Matthew Campbell, Federal Defenders of Eastern Washington & Idaho, Spokane, Washington, for Defendant-Appellant.

George J.C. Jacobs III, Assistant United States Attorney; Joseph H. Harrington, United States Attorney; United States Attorney's Office, Spokane, Washington; or Plaintiff-Appellee.

Before: MILAN D. SMITH, JR. and MARY H. MURGUIA, Circuit Judges, and EDUARDO C. ROBRENO,** District Judge.

M. SMITH, Circuit Judge:

Defendant-Appellant Keith Bennett Studhorse, II, appeals (1) the district court's denial of his motion to dismiss Count 2 of the indictment, which charged him with possession of body armor by a violent felon, and (2) the district court's interpretation and application of the United States Sentencing Guidelines. He argues that the district court erred in denying his motion to dismiss and in calculating his sentence because it improperly determined that Studhorse's prior Washington State conviction for attempted first degree murder qualified as a "crime of violence." We have jurisdiction pursuant to 28 U.S.C. § 1291 and 18 U.S.C § 3742, and we affirm.

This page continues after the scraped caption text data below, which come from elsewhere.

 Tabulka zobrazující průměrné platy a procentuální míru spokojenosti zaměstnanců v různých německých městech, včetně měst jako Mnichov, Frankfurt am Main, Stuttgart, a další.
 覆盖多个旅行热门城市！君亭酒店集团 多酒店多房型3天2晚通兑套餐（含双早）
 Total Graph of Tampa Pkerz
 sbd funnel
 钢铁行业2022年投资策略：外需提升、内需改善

*1201FACTUAL AND PROCEDURAL BACKGROUND

On May 17, 2016, a two-count indictment was filed against Defendant-Appellant Keith Bennett Studhorse, II, charging him in one count with a violation of 18 U.S.C. §§ 922(g)(1) and 924(a)(2) (felon in possession of a firearm), and in a second count with a violation of 18 U.S.C. §§ 931(a)(1) and 924(a)(7) (violent felon in possession of body armor). Studhorse moved to dismiss Count 2 on July 8, 2016. Studhorse argued that dismissal was required because his three relevant prior convictions under Washington state law (for attempted first degree murder, second degree manslaughter, and riot with a deadly weapon) did not constitute crimes of violence as defined in 18 U.S.C. § 16. In its response, the Government argued that attempted first degree murder and riot constituted crimes of violence; it declined to address whether second-degree manslaughter was a "crime of violence" as well.

On July 28, 2016, the district court held a hearing on Studhorse's motion. The court denied the motion on August 2, 2016, on the basis that attempted first degree murder is a "crime of violence." Studhorse then entered a plea of guilty pursuant to a conditional plea agreement that permitted him to later challenge the denial of his motion and his sentence.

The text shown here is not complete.